Это я мог сделать. Если бы клиент хотел, чтобы я сдерживался и поддерживал чистоту, я бы сделал это для него.

Я кивнул: «Никаких убийств, ничего подобного. Я все равно избегаю этого. Перерастание ограбления в убийство — это напрашивается на неприятности». Казалось, это на какое-то время облегчило его беспокойство. «Я сблизился с Винсентом. Я смогу напоить его и выжать из него информацию о том, где они хранят документы. Я думаю о доме Адама или, может быть, о убежище банды».

«А потом?»

— Подойди туда, когда никого нет, ворвись внутрь и укради их. Я делал это сотни раз раньше. Я могу сжечь их на месте или принести сюда для подтверждения».

Сразу же Уильям решил изменить условия работы; «Я бы хотел их увидеть, если это возможно.
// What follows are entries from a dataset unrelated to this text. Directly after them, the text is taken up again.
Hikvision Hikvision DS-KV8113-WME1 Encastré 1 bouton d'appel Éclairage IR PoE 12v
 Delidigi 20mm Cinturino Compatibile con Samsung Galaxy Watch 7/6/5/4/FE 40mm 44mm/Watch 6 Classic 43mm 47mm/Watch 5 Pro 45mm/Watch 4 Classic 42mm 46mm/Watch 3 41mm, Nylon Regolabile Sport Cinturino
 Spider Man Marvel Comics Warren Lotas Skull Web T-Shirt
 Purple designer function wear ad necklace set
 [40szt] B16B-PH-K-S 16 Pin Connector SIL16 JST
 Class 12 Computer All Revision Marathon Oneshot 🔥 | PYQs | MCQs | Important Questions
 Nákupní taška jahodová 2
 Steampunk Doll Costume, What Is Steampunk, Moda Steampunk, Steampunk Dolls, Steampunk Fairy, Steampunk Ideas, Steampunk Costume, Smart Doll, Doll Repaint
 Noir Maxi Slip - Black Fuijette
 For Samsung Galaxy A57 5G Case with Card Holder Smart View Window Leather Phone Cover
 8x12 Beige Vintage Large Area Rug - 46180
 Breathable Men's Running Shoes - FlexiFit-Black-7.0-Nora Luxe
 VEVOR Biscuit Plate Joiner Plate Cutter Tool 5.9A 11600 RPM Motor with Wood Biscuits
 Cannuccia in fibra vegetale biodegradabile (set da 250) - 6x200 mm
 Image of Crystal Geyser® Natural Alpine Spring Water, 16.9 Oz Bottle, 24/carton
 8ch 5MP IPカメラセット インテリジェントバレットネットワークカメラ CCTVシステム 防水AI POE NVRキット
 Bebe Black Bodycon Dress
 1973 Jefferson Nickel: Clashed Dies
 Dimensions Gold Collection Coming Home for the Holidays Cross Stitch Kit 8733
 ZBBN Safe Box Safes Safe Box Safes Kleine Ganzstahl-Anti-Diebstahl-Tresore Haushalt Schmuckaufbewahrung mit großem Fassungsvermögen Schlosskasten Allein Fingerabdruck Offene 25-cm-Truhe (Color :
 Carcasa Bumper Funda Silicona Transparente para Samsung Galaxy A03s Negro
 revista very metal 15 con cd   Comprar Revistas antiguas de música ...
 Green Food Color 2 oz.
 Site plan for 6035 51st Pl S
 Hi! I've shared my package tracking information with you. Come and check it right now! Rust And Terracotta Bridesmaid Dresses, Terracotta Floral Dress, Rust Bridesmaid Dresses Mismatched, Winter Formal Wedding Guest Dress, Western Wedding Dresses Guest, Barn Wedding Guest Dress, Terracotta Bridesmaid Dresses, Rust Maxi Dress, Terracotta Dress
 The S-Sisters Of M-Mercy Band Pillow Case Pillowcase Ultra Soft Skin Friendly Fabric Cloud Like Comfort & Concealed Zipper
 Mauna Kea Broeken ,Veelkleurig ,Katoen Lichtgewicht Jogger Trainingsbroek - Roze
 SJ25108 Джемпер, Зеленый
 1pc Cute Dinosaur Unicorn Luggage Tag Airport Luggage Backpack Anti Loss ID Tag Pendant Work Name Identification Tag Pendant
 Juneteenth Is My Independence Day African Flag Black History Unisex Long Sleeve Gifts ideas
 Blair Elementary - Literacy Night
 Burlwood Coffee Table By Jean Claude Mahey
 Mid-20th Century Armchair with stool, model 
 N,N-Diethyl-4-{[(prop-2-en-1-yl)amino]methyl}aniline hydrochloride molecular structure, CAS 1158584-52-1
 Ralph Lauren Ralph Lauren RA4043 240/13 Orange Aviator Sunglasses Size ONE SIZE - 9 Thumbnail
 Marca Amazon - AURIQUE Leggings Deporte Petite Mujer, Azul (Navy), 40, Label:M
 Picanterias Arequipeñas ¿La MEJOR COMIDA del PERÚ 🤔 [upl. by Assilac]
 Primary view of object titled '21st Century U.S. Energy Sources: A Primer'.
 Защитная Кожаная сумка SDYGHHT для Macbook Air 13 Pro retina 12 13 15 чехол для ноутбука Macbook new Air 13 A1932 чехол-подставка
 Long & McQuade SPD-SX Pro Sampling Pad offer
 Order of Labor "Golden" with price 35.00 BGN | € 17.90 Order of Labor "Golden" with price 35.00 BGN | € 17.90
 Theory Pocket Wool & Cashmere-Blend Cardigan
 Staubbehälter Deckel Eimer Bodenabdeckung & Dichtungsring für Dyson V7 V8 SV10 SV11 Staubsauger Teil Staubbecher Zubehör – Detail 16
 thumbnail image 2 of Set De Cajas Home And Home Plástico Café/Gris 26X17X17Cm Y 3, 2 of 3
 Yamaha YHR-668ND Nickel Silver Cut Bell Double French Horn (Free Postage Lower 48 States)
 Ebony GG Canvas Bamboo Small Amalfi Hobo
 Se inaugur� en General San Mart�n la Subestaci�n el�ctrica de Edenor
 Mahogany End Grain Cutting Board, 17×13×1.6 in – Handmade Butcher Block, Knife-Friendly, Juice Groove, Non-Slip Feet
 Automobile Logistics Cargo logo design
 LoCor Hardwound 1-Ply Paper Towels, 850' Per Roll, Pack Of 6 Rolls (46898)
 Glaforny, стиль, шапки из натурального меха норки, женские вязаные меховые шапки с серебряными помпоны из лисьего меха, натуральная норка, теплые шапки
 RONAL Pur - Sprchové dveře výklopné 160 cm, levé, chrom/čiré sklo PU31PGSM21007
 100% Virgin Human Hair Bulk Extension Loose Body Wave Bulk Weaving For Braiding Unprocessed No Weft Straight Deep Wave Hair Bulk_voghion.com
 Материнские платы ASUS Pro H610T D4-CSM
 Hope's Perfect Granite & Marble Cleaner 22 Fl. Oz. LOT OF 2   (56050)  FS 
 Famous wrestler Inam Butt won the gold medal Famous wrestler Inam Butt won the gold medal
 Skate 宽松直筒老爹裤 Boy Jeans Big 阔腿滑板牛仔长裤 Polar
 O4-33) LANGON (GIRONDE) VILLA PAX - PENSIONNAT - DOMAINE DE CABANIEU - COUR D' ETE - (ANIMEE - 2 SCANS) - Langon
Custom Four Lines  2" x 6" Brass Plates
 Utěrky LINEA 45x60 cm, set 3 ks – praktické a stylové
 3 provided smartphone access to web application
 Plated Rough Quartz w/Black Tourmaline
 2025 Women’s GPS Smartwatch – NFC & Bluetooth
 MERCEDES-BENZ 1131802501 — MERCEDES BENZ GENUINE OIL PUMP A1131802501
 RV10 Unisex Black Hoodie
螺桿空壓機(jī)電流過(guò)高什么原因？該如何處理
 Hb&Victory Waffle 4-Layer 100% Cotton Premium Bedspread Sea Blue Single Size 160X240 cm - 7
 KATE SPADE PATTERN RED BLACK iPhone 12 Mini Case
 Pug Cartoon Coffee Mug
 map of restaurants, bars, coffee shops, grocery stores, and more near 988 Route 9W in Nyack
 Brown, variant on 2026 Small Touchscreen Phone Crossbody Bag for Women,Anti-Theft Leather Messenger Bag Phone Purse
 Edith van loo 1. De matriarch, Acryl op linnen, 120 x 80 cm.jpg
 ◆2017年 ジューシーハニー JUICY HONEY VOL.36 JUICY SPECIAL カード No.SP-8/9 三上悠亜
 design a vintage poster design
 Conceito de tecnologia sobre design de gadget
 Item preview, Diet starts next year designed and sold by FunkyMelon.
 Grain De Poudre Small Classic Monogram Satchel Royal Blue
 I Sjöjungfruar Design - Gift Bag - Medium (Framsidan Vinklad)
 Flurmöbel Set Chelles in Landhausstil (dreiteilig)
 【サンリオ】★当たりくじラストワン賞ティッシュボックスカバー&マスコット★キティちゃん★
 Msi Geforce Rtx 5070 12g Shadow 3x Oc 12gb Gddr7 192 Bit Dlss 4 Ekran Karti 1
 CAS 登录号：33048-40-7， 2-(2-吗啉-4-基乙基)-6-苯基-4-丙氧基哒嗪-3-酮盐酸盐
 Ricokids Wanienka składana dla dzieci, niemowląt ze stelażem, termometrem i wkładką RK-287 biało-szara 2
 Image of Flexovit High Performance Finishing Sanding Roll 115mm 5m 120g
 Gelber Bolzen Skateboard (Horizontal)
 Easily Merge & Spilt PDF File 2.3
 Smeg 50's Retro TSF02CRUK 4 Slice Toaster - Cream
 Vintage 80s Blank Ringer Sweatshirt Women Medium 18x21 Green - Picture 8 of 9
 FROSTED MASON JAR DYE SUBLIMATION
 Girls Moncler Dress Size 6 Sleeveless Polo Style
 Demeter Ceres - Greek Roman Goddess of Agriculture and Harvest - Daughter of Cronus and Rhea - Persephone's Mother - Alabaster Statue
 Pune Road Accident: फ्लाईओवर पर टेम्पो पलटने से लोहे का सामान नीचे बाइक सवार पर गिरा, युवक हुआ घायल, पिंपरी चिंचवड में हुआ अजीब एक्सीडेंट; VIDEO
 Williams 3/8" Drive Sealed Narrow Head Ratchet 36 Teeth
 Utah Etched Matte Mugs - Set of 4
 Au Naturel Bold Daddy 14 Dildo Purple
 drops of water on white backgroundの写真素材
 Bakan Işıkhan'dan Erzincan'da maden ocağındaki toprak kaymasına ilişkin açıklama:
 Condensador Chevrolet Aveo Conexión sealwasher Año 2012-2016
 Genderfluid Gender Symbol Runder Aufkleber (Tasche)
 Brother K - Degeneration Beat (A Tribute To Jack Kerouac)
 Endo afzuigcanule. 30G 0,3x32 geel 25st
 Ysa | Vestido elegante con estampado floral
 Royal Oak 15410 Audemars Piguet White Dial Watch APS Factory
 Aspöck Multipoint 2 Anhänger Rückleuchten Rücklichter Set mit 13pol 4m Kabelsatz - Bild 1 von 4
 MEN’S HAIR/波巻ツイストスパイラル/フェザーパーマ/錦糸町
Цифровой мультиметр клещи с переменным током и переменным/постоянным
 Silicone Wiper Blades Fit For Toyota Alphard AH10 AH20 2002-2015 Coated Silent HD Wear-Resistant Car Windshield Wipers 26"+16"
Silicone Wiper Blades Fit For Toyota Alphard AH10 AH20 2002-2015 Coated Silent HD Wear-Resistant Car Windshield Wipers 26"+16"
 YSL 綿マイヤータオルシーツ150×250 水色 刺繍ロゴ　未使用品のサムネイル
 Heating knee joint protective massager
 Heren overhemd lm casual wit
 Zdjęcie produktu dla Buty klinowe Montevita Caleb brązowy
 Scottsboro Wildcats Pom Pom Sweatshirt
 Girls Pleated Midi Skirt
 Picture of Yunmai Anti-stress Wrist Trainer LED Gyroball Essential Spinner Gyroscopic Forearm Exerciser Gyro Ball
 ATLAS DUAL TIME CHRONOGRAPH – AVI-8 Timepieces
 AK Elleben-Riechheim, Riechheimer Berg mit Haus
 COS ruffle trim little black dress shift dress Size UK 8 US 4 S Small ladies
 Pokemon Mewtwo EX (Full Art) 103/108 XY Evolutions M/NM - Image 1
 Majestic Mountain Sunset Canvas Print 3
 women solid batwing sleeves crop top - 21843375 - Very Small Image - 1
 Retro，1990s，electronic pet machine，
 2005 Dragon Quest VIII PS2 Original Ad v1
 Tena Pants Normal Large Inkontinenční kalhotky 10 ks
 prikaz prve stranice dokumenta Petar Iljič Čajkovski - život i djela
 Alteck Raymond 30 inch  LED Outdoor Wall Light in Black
Просто чтобы успокоиться.

Это было не то, о чем мы тогда договорились, его охватила паранойя. Для меня в любом случае это не имело большого значения. У меня не было причин отказываться — это просто вызвало бы у него несправедливые подозрения в отношении моих мотивов. Я вздохнул: «Хорошо. Я принесу их сюда, и мы вместе бросим их в твой камин. Выпейте тост за новую жизнь без этого дерьма, нависшего над вами».

Он нервно усмехнулся: «Хех. Я выпью за это.